Já o colegiado da Assembleia de Especialistas é escolhido por meio do voto direto, com um mandato de 8 anos. O líder supremo, por sua vez, é um cargo vitalício.

As eleições devem ser realizadas pelo menos a cada quatro anos, dependendo do cargo, e serão supervisionadas pelo Conselho dos Guardiões.

Um exemplo dessa sabatina aconteceu nas eleições legislativas do país em 2024, quando apenas 138 nomes receberam a aprovação para concorrer ao parlamento dentro de 510 nomes registrados. O comparecimento de votantes foi de apenas 40,64%.

Até o momento, o Irã foi comandado por dois Aiatolás: Ruhollah Khomeini (de 1979 até 1989) e Ali Khamenei (1989 até o momento). Ambos os líderes supremos foram escolhidos pela Assembleia de Especialistas.

O líder supremo pode ser destituído?

Além de determinar quem será o líder supremo, a Assembleia de Especialistas também será responsável por supervisionar o Aiatolá em suas ações e terá a prerrogativa (em teoria) de destituí-lo.

No entanto, a Assembleia de Especialistas não é totalmente isenta em sua constituição. Apesar de serem eleitos por meio de voto direto, os candidatos ao cargo são sabatinados pelo Conselho dos Guardiões, no qual metade dos constituintes é selecionada pelo líder supremo e a outra metade pelos próprios parlamentares, que também passam pela mesma sabatina.

Nessa linha, Amaral pondera que a própria estabilidade nos cargos de alto escalão do Irã possam ter relação com a sabatina prévia realizada pelos órgãos colegiados.

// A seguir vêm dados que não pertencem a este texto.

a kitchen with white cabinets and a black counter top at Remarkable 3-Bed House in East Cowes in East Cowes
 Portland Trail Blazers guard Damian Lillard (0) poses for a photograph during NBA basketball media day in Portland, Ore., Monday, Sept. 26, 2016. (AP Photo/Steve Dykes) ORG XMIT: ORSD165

Quem será o próximo presidente do Irã?

Após a morte de Raisi, o Aiatolá Khamenei disse hoje que o primeiro vice-presidente, Mohammad Mokhber, será o presidente interino do país até a realização de novas eleições em 50 dias.

Além de Raisi, o ministro das Relações Exteriores do Irã, Ali Bagheri Kani, também foi dado como morto. A televisão estatal informou que a queda do helicóptero se deu por conta do mau tempo, que também prejudicou a capacidade de busca e resgate.

Khamenei ainda procurou tranquilizar os iranianos, dizendo que não haveria interrupção nos assuntos de Estado. Mokhber, de 69 anos, é uma figura política experiente e tem laços estreitos com o Aiatolá.

A constituição do Irã prevê que, se um presidente morrer no exercício do cargo, o primeiro vice-presidente assume por um período interino de 50 dias, com a aprovação do Líder Supremo.

Qual a função do presidente do Irã?

O presidente iraniano também é eleito por meio de voto universal adulto. O cargo, no entanto, foi considerado como “cerimonial” até julho de 1989, quando foi feita uma reforma constitucional atribuindo o poder de voto à população e outras fuções ao cargo.

Agora, o chefe de estado terá a prerrogativa de selecionar cargos estratégicos, como seus ministros e os assentos para o Conselho Supremo de Segurança Nacional, que supervisiona a defesa do país.

Dessa forma, Amaral explica que o presidente terá a atribuição de gerir o país tanto nas políticas externas quanto internas, mas a palavra final seguirá com o Aiatolá.